Miller v. Sears

De Haven, J.

This is an action to recover the possession of certain described instruments consisting of a note, mortgage, and two deeds, each signed by the plaintiff, and alleged to have been deposited with the defendants.

The plaintiff was nonsuited, and the question before us is, whether the testimony of plaintiff was such as to show that the documents in controversy were delivered by him to defendants in escrow, as claimed by them.

We think the fair import of the testimony is to the effect that plaintiff had made an agreement, subject to further consideration as to title, with one Stimson and a Mrs. Buttner, for the purchase of certain property from them, and the sale by him of certain lots to them, and as part of this transaction the note, mortgage, and deeds of plaintiff, and the deed of Stimson and Mrs.
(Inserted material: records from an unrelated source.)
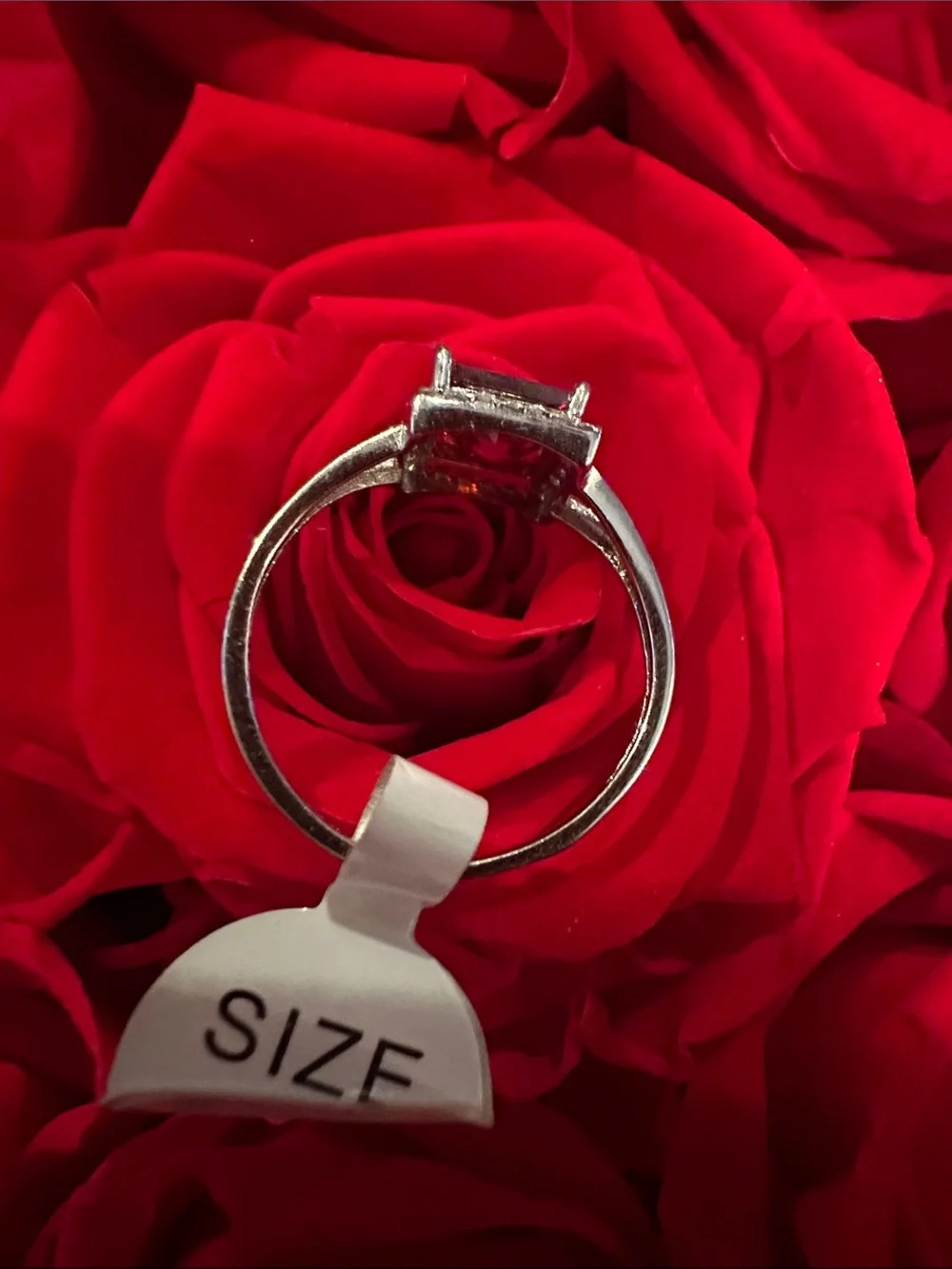 Sterling silver 925 halo ring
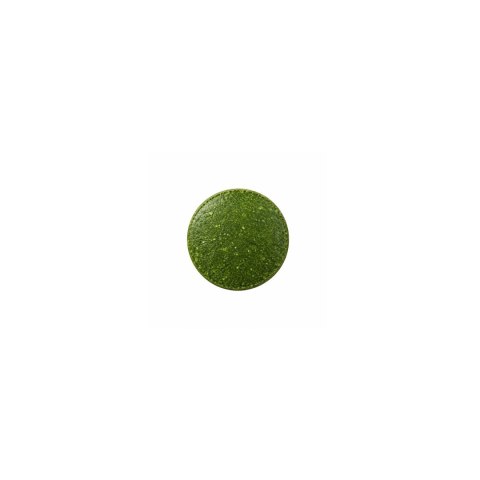 100% Chlorella Pyrenoidosa 80g (200mg, 400tabl.) BOF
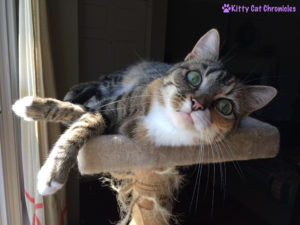 Flirting with Delilah: Cat on a Cat Tree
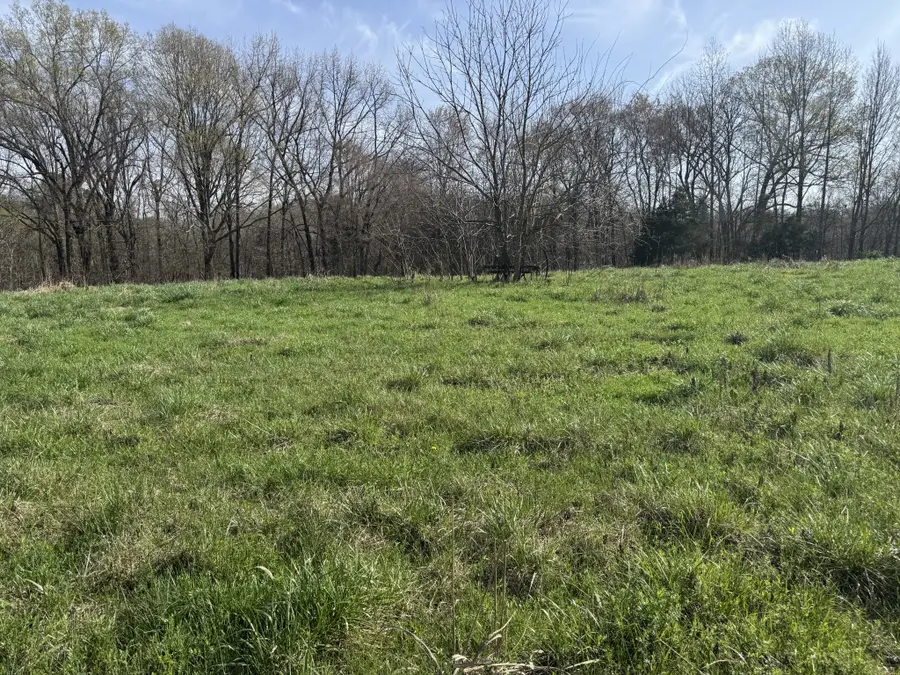 6080 Durhamville Rd, Ripley, TN 38063 - #3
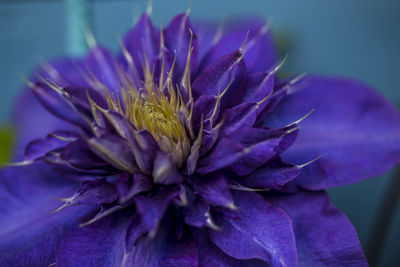 Close-up of purple flowering plant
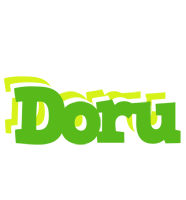 Doru picnic logo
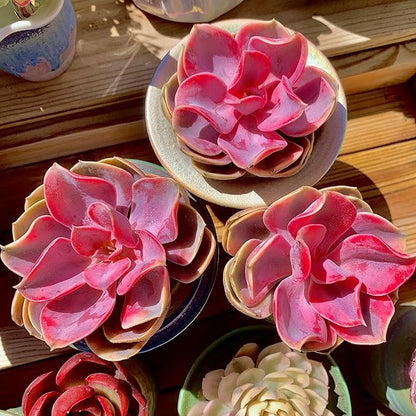 Echeveria Rainbow Variegated Rare Live Succulent Plants, Pink 1 Head 3.5" Live Plant, Package Without Pot & Soil, Garden Indoor Office Desk, Wedding Party Baby Shower Decoration, Friend Lovers Gifts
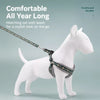 Small Dog Vest Harness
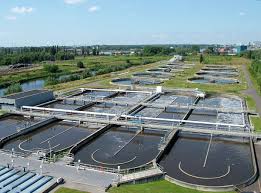 Cationic Polymer for Sludge Dewatering | Beta Pramesti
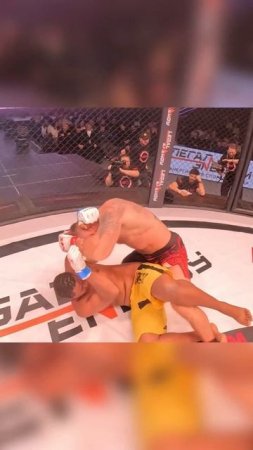 Лучшие нокауты Подпишись и ставь лайк #ufc #mma #youtube #sports #tiktok #shortsvideo #russia #box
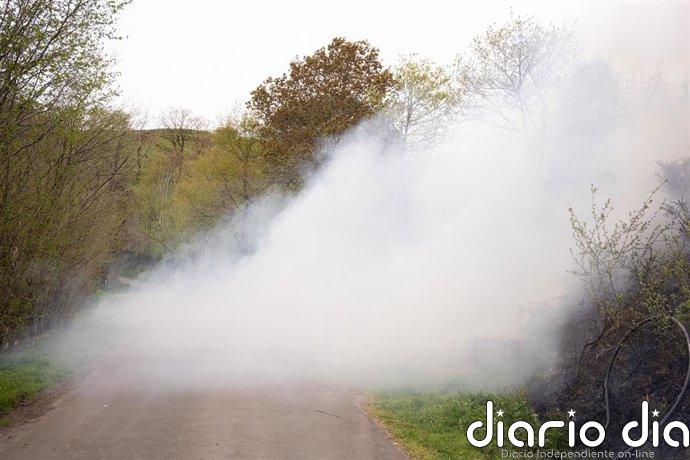 Última hora: Se elevan a cuatro los incendios forestales activos en Asturias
Buttner for plaintiff, were signed and left with defendants, to be delivered “ when everything was all right and perfected." Upon this point the plaintiff testified: “I said to Mr. Sears: You take these papers, and when everything is all right and perfected, you give these papers to me, and *284these others to him. • That was the agreement..... The transaction was not completed on that day, because we had no abstract of title at the time; we knew nothing about the titles, and we had to leave that to after consideration. If it had been perfect, of course we should have handed over the papers.” Upon this state of facts, it cannot be held that plaintiff’s papers were delivered to the defendants as an escrow. There was no contract of sale concluded between the plaintiff and the other parties to the negotiation, as the question of title remained to be settled to the satisfaction of the contracting parties. This fact alone is fatal to the contention of respondents that they held the documents in controversy as an escrow. The law upon this point is very clearly stated by Mr. Justice Rhodes, in delivering the opinion of this court in Fitch v. Bunch, 80 Cal. 209, as follows: “An escrow differs from a deed in one particular only, and that is, the delivery. Not only must there be sufficient parties, a proper subject-matter, and a consideration, but the parties must have actually contracted.....The actual contract of sale on the one side, and of purchase on the other, is as essential to constitute the instrument an escrow as that it be executed by the grantor; and until both parties have definitely assented to the contract, the instrument executed by the proposed grantor, though in form a deed, is neither a deed nor an escrow; and it makes no difference whether the instrument remains in the possession of the nominal grantor or is placed in the hands of a third party, pending the proposals for the sale or purchase.”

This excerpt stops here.